Nenhum desses problemas é falso, mentiroso, mas nem tudo é verdade suprema nem deve servir de baliza onipresente para o raciocínio, a produção, o cinema, a arte, o sexo, as conversas de bar, os relacionamentos, as festas. É preciso não ser tanto Marilena Chauí no dia a dia.
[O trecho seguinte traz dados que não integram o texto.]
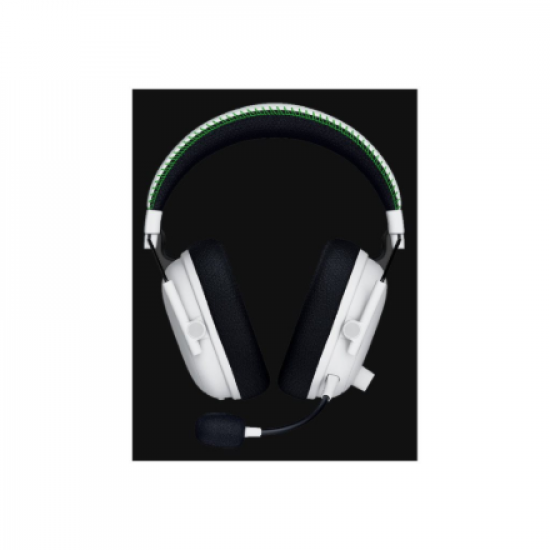 Razer BlackShark V3 Pro for Xbox Gaming Headset, Over-Ear,Wireless, White | Razer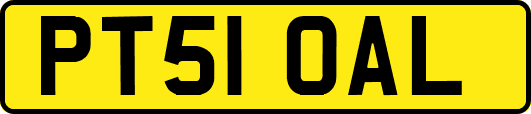PT51OAL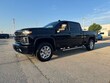 Chevrolet Silverado 2500HD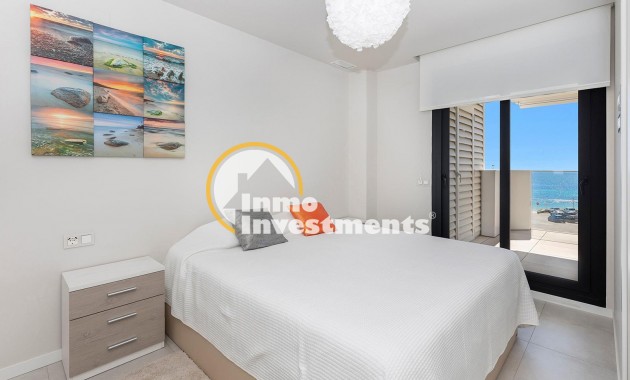 Bestaande bouw - Appartement - Mil Palmeras - Strand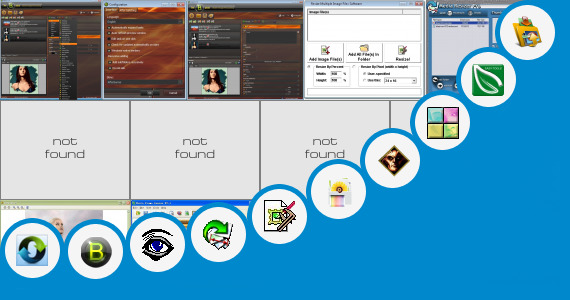 Software collection for Pic Resize Genius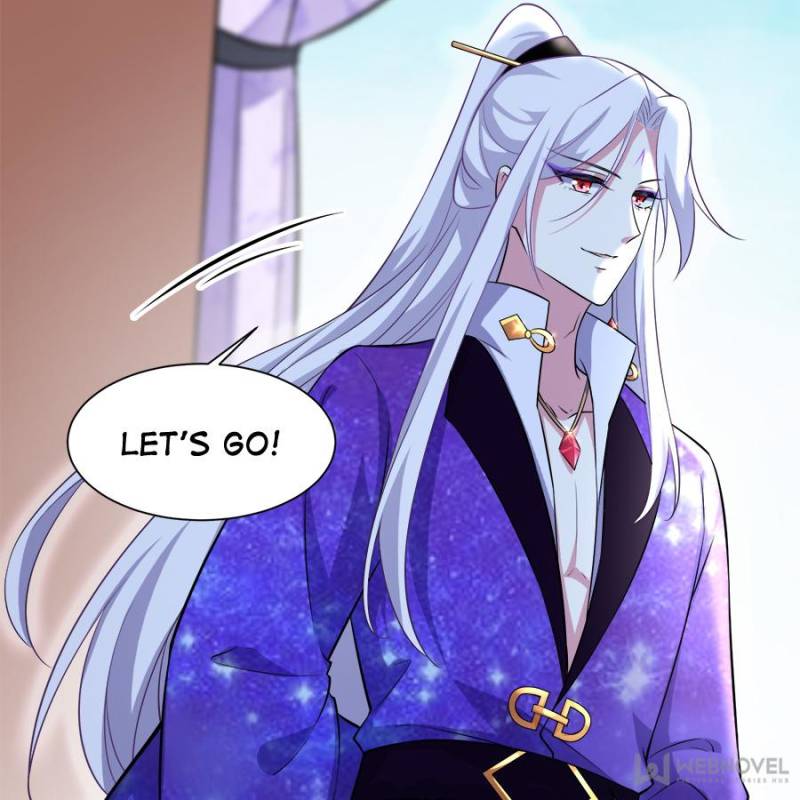 The Eunuch’s Consort Rules the World chapter 69 - page 21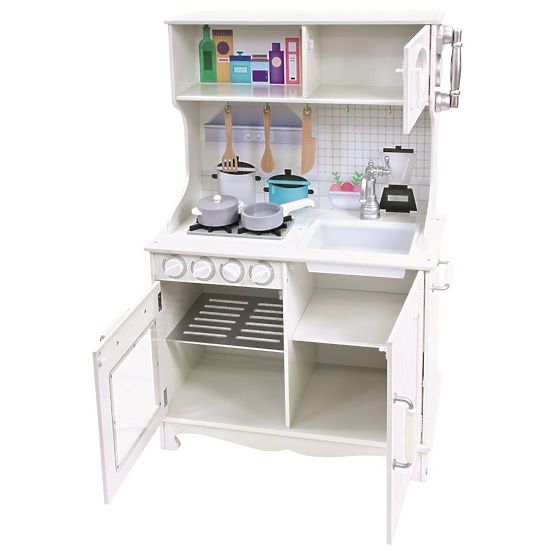 Children's kitchenette Provence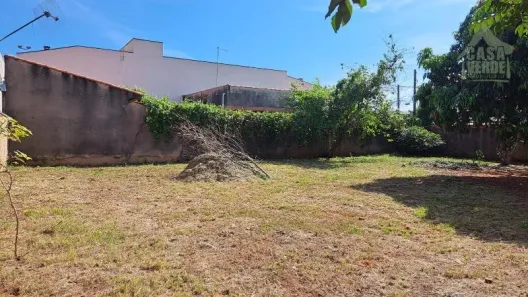 Lote/Terreno à venda, 550m² no Núcleo Residencial Professor Carlos Aldrovandi, Indaiatuba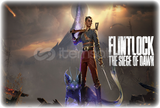 Flintlock The Siege of Dawn - GARANTİ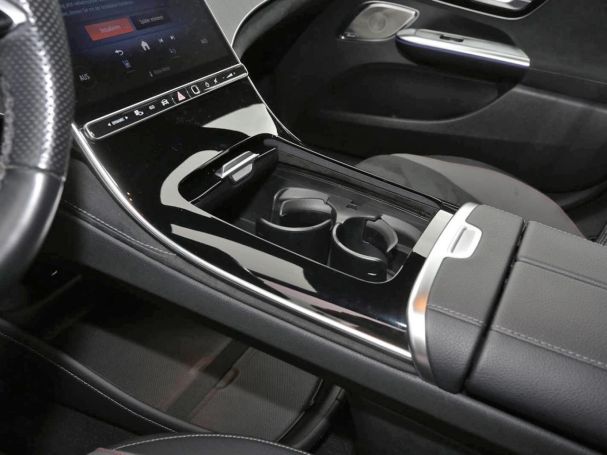 Mercedes-Benz EQE 300 AMG Panorama Distronic Memory 360°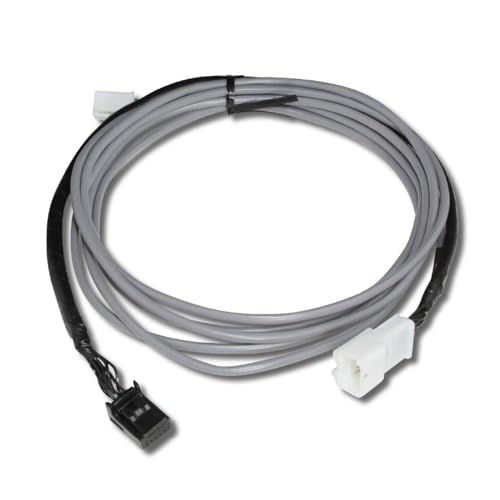 Beat-Sonic ビートソニック バックカメラアダプター ランドクルーザー70 ハイエース200系 レジアスエース バックモニター内蔵自動防眩インナーミラー付車 BC26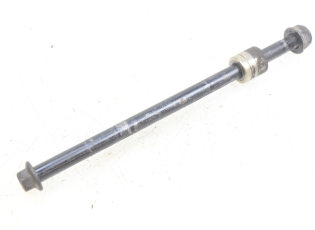 AXE ROUE AVANT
É preciso dar um passinho do volante, ir pro lado, gingar pra outro, sair do trilho, escorregar, rir do vexame. Parece que, da noite pro dia, tudo se resumiu a essa grande aldeia cujos movimentos limitam-se a um pra trás e pra frente, jamais pros lados, nunca na diagonal, exceto quando a gente toma um susto.

E a cidade, essa que a gente não vê ou finge não ver a fim de simplificar a vida e garantir um objeto domesticado que caiba perfeitamente nas teorias de cabeceira/manifestos apaixonados - essa cidade, como um pião maluco animado pelo Silvio Santos, gira em todas as direções

Entrar numa discussão atualmente é como comprar ingresso para brincar numa máquina do tempo regulada apenas para o passado, quando – vou chutar agora, um chute talvez desastrado – havia quatro ou cinco preconceitos e todo mundo se dava por satisfeito quanto à inviabilidade deste lugar. Fortaleza era cidade-berço, cidade-creche, cidade-dormitório, cidade-passageira, cidade-terminal, cidade-mezanino, cidade-esquecida, cidade-sala de espera, cidade-desmiolada e por aí vai.  

Fato é que a espera pode ser longa, o terminal de embarque não precisa ser tão feio ou opressivo e essa passagem (estágio entre um antes e um depois, entre um aqui melancólico e um acolá resplandecente, entre o calabouço e o Eldorado), enquanto não vem, enquanto a gente não decide se quer ficar ou ir embora, se arruma as malas ou se se estabelece, se adota hábitos e sotaques precocemente ou se aceita essa boneca de camelô que recebemos de presente no berço – enquanto isso não acontece, vale a pena incrementar a brincadeira e mudar a lente dos óculos.

Reparem que amar ou desamar, isso ninguém escolhe. O que está ao alcance do arbítrio, e, portanto, da vontade, embora tenha menor apelo, é igualmente importante: construir os vínculos e preservá-los. 

Tô falando de, bem aqui, inventar um território de reencantamento.